PROBLEM TO SOLVE: Return exactly those lines of the material below that fall between the line holding "FlexLox cleaner offers" and the line holding "The third song", inclusive.

MATERIAL SHOWN:
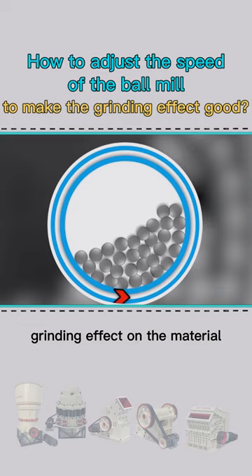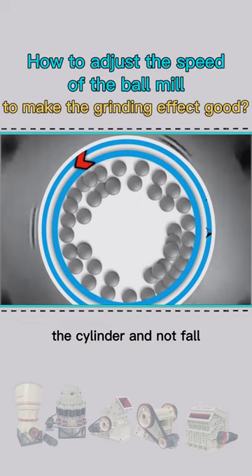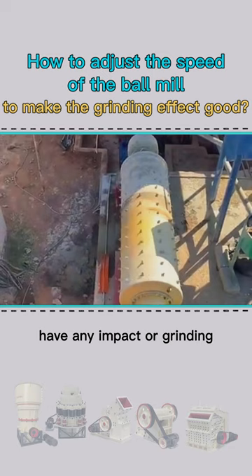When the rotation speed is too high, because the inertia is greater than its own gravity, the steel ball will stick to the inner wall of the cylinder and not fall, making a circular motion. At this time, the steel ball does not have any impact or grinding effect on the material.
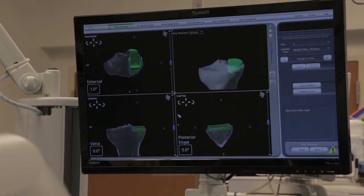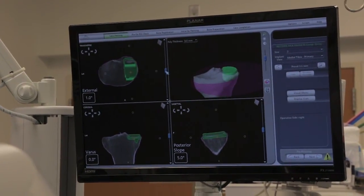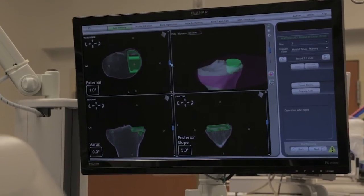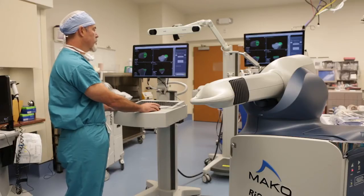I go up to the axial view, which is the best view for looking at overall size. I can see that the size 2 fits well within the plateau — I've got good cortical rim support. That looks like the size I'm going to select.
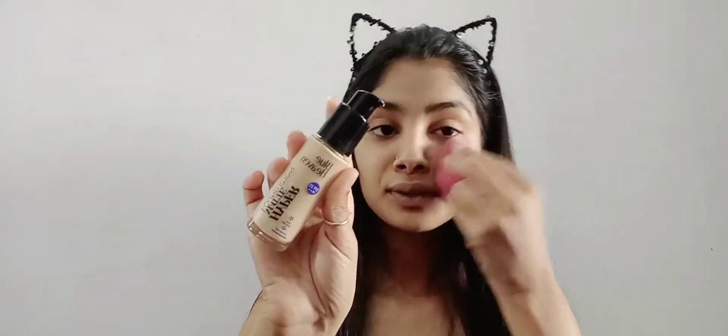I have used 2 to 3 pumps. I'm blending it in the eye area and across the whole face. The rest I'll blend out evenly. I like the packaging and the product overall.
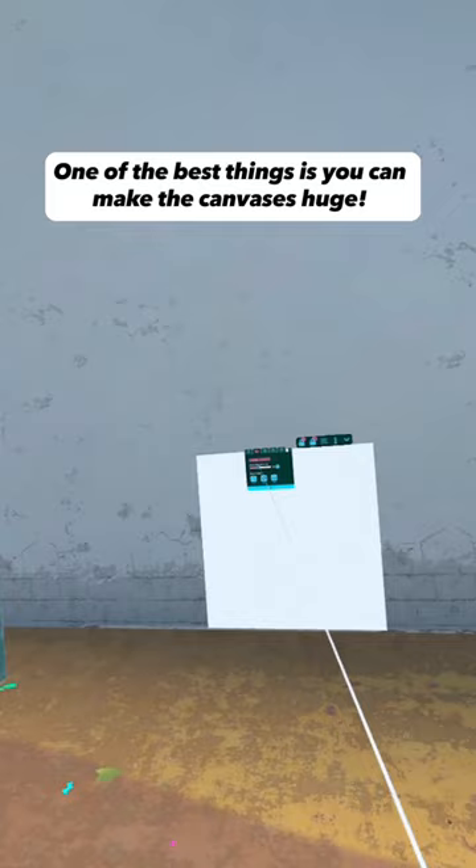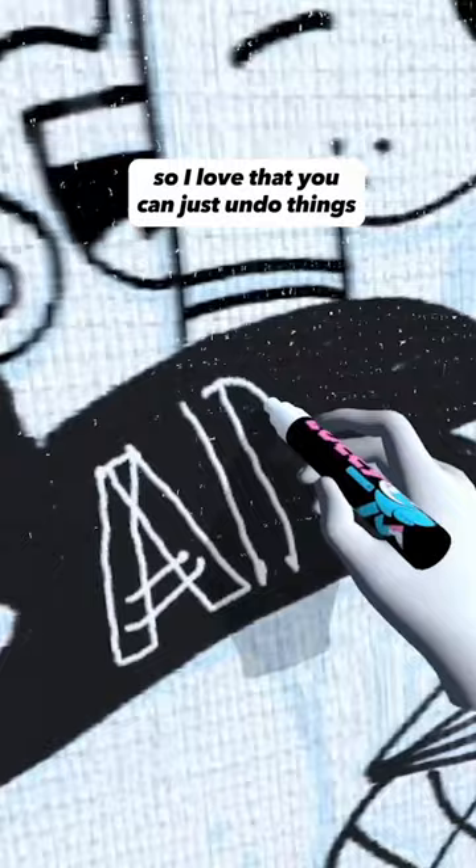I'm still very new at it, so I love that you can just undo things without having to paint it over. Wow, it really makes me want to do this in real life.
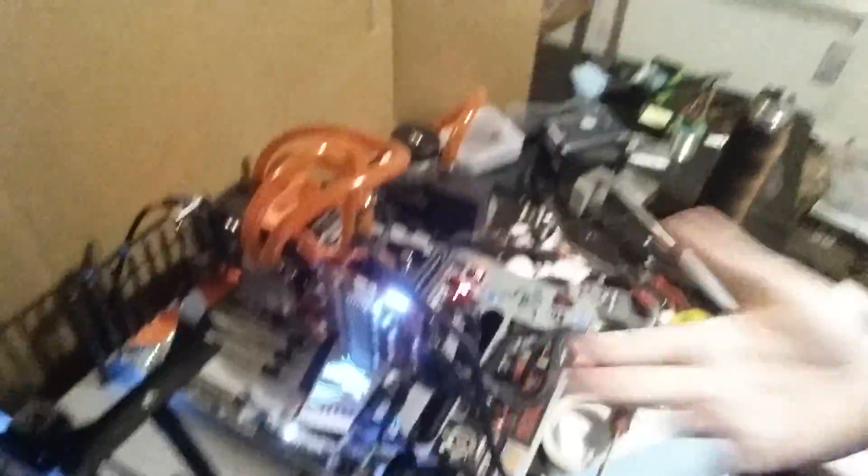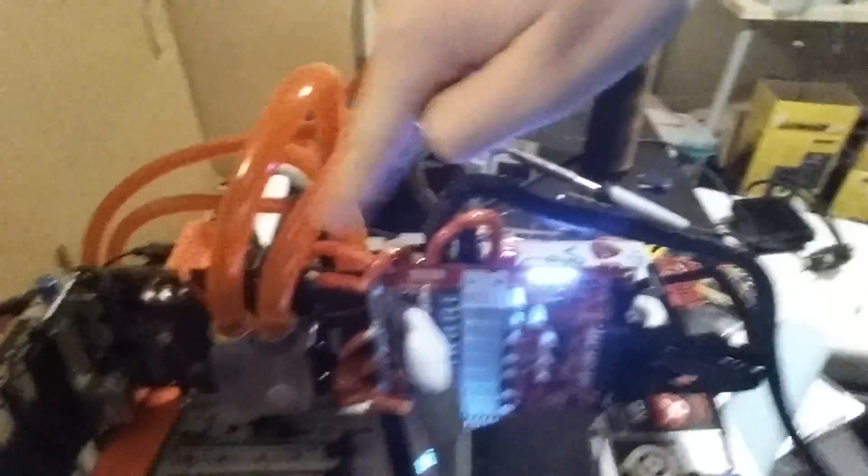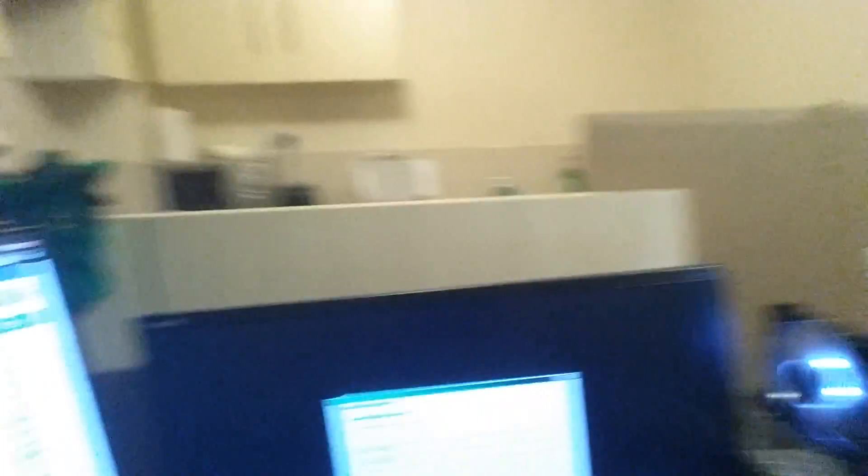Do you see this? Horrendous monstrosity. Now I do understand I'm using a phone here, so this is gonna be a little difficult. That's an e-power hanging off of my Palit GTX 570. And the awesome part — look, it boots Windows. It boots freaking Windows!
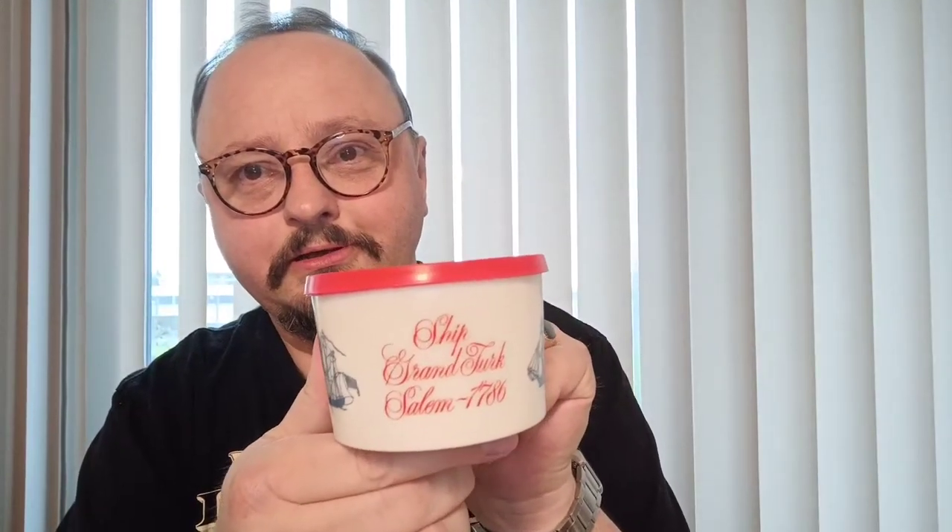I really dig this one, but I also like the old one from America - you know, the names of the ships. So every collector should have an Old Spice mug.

==

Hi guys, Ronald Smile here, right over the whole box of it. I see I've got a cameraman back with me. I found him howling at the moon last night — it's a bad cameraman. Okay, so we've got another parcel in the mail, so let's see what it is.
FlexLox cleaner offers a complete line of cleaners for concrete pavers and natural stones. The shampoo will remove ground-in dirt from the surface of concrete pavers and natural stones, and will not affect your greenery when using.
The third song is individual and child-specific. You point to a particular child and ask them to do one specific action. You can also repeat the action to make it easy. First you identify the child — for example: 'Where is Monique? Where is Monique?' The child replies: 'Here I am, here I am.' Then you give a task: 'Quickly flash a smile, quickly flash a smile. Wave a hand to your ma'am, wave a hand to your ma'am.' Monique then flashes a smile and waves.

--

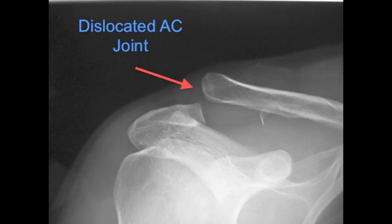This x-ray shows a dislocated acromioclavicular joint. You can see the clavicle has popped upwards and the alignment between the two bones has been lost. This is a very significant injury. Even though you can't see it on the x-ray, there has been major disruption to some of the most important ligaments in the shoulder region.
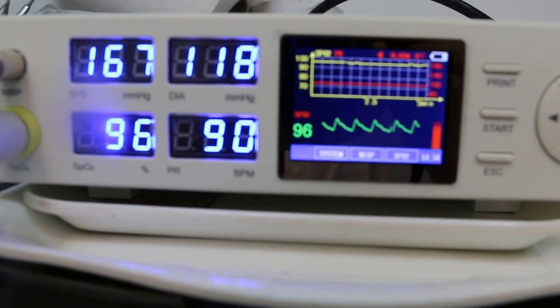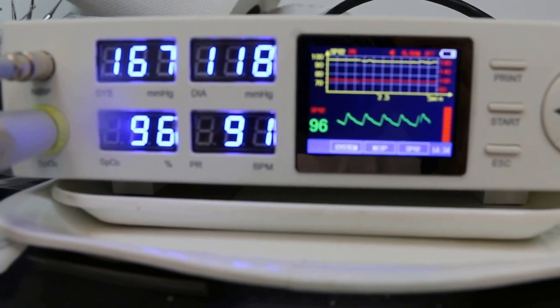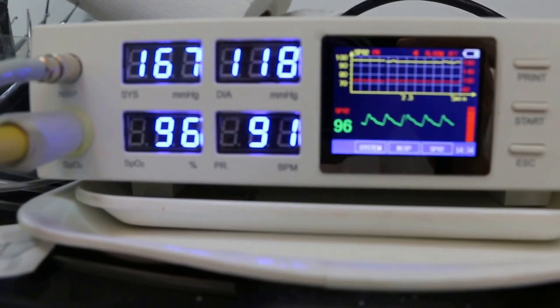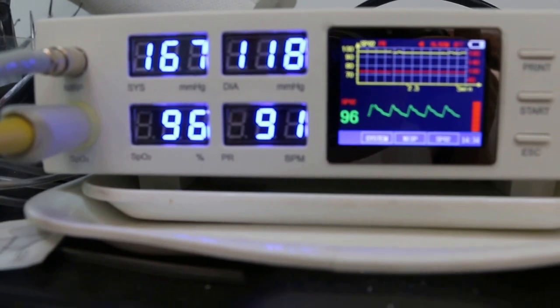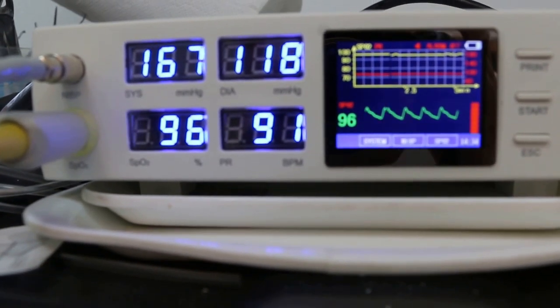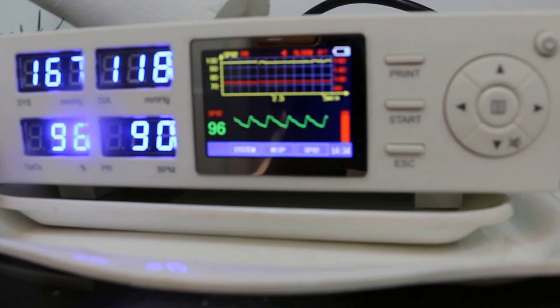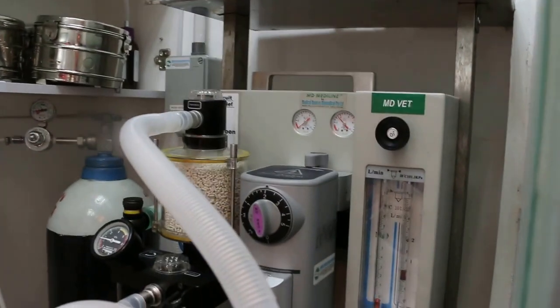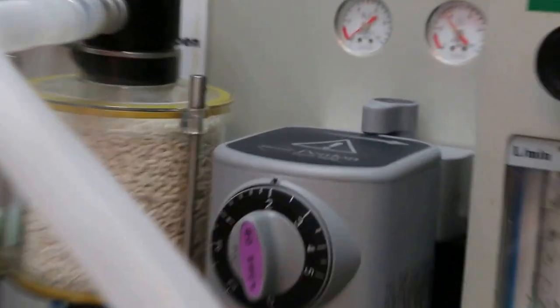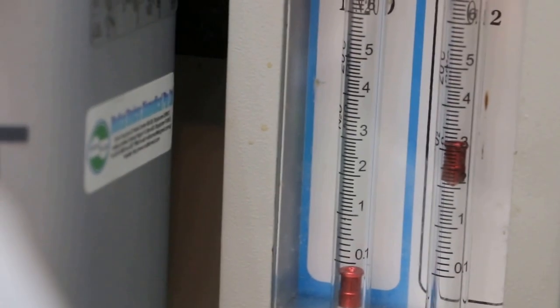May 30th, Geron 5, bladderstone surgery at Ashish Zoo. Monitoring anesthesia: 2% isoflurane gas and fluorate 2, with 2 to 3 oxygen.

WRITTEN REPLY:
FlexLox cleaner offers a complete line of cleaners for concrete pavers and natural stones. The shampoo will remove ground-in dirt from the surface of concrete pavers and natural stones, and will not affect your greenery when using.
The third song is individual and child-specific. You point to a particular child and ask them to do one specific action. You can also repeat the action to make it easy. First you identify the child — for example: 'Where is Monique? Where is Monique?' The child replies: 'Here I am, here I am.' Then you give a task: 'Quickly flash a smile, quickly flash a smile. Wave a hand to your ma'am, wave a hand to your ma'am.' Monique then flashes a smile and waves.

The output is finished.